Regions
Northwest Coastal.
We're dealing with a complex snowpack at the moment. Now is a good time to make conservative terrain choices.
Confidence
Moderate - Timing, track, or intensity of incoming weather system is uncertain on Saturday
Weather Forecast
Friday: No precipitation is expected, strong easterly outflow winds and -2 to -5 at treeline. Saturday: Snowfall starting over night with accumulations of between 5 and 10cm throughout the day, -5 to -10 at treeline, moderate southerly winds. Sunday: Light snow in the morning becoming intermittent flurries by the afternoon, - 5 at treeline, light to moderate southeasterly winds.
Avalanche Summary
We've receive sporadic reports of natural, explosive, skier remote and skier triggered avalanches ranging from size 1-2 from across the region through the week. Shooting cracks are being observed wherever the recent storm snow is starring to slab up. We haven't had any recent reports of these surface avalanches steeping down to any of the deeper week layers, although the potential for this to happen could still be there.
Snowpack Summary
We're dealing with a complex snow pack with multiple buried weak layers in the top meter. Between 15 and 35cm of new snow now is settling into a soft slab that sits above a widespread layer of surface hoar. Moderate southerly winds have loaded lee features. Snowpack tests have been producing easy failures on this layer, especially in places where the surface hoar is sitting on firm, previously wind affected snow. Below this you can find up to 3 other distinct buried weak layers of surface hoar, faceted snow, or thin sun crusts.
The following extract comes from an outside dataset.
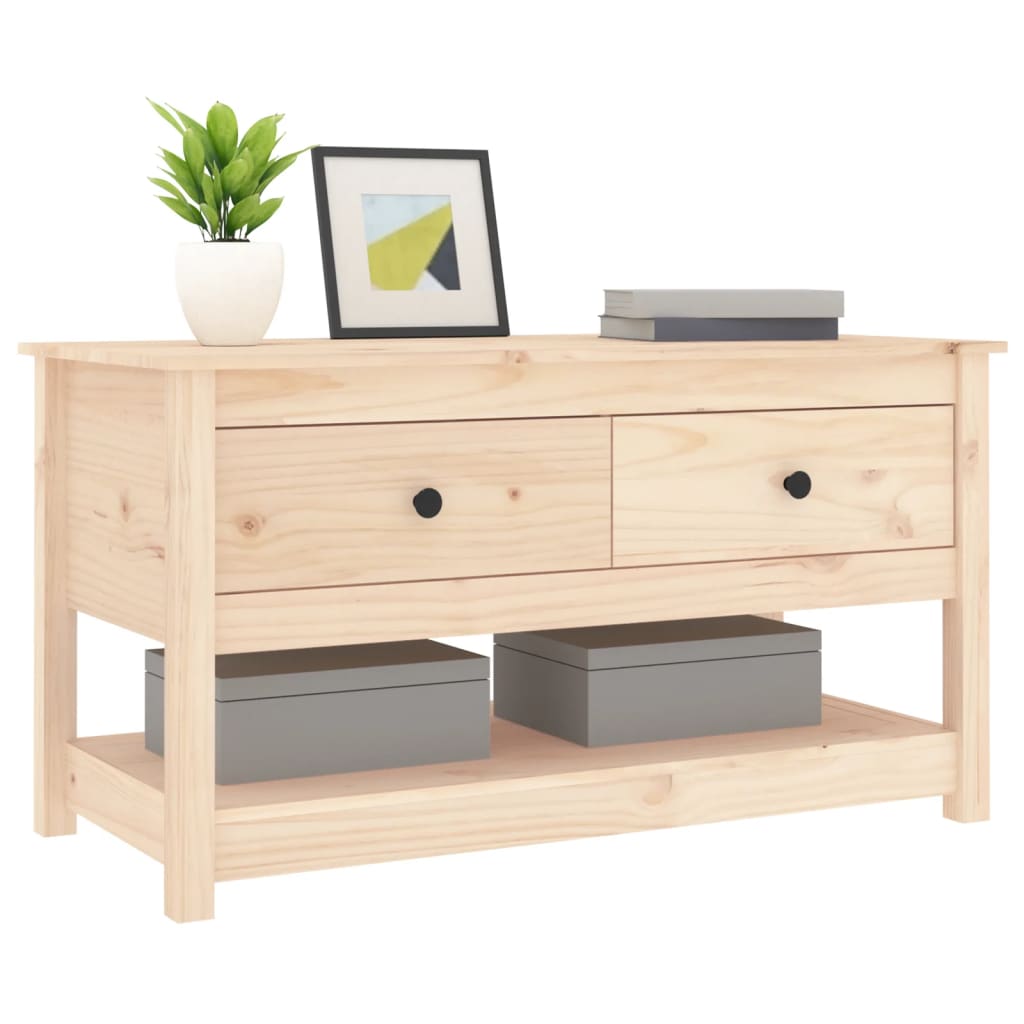 Stolić za kavu 102x49x55 cm od masivne borovine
These deeper weak interfaces continue to produce variable results in snowpack tests. Although they appear to be gaining strength they're worth keeping on your radar; especially in the thinner snowpack areas in the east of the region.
Problems
Storm Slabs
Storm Slab avalanches are the release of a cohesive layer (a slab) of new snow that breaks within new snow or on the old snow surface. Storm-slabs typically last between a few hours and few days (following snowfall). Storm-slabs that form over a persistent weak layer (surface hoar, depth hoar, or near-surface facets) may be termed Persistent Slabs or may develop into Persistent Slabs.